NCT number NCT02822716
Other study ID # VIR-13-06
Secondary ID
Status Terminated
Phase N/A
First received
Last updated
Start date July 22, 2013
Est. completion date September 23, 2020

Study information

Verified date October 2022
Source Chinese University of Hong Kong
Contact n/a
Is FDA regulated No
Health authority
Study type Interventional

Clinical Trial Summary

The objectives of this study are to study the safety and effect of IRE as a treatment for inoperable hepatic and pancreatic malignancy.


Description:

Irreversible electroporation (IRE) is a form of non-thermal local ablation for solid tumors, it induces apoptosis of tumor cells by creating irreversible damage in the cell membrane using electric current. The use of thermal ablation for tumors adjacent to major blood vessels is not advisable because the "heat-sink effect" owing to blood vessels render the thermal treatment not effective.
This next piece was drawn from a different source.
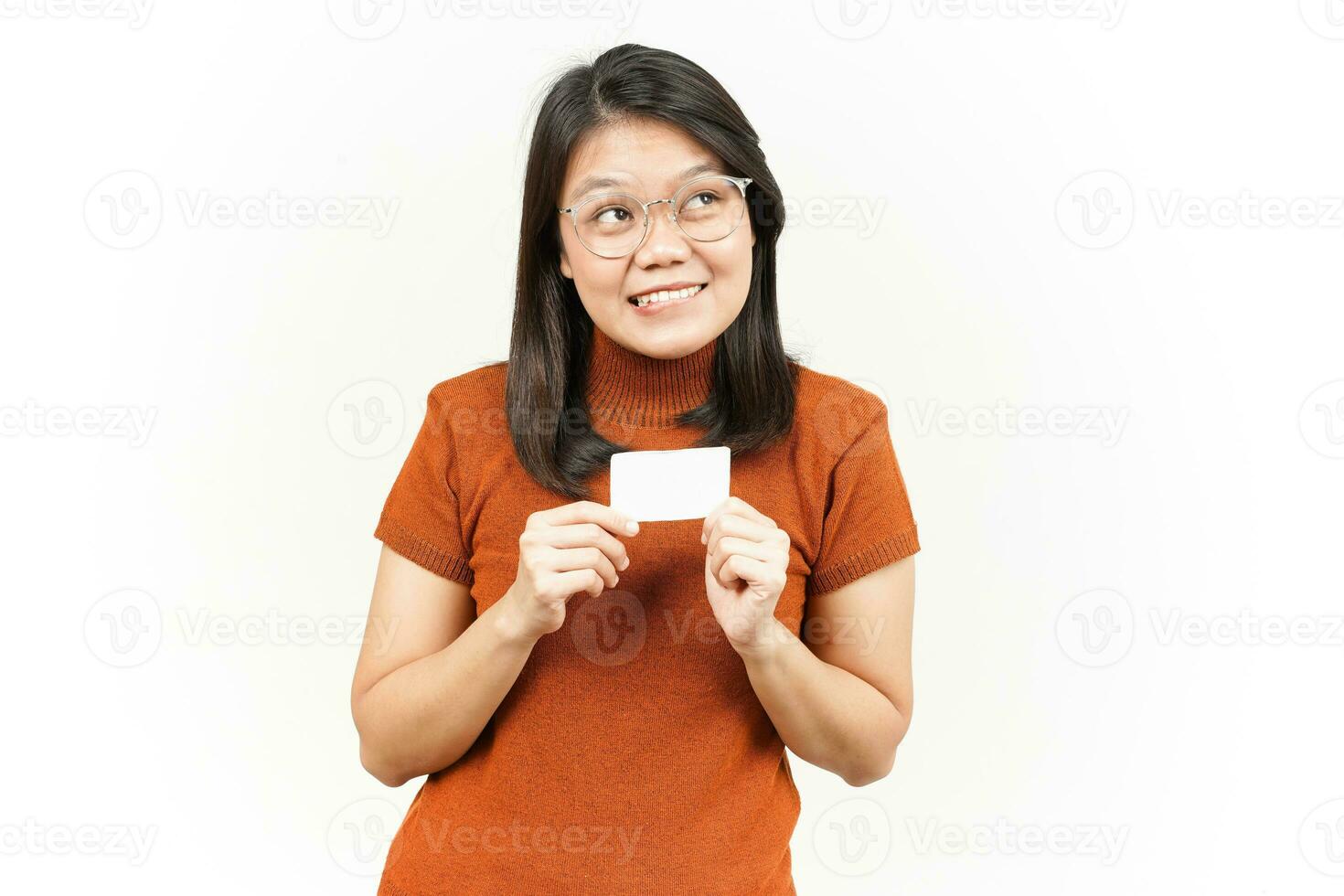 Holding Blank Bank Card Or Credit Card Of Beautiful Asian Woman Isolated On White Background photo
On the other hand, application of thermal ablation to a tumor adjacent to blood vessels or bile ducts will cause thermal damage to these structures. It has been shown in animal experiments that IRE is effective in causing cell death while blood vessels, bile ducts, and nerves in the vicinity are preserved. Early evidence of clinical studies has shown that IRE is a reasonably safe and effective treatment for pancreatic and hepatic tumors.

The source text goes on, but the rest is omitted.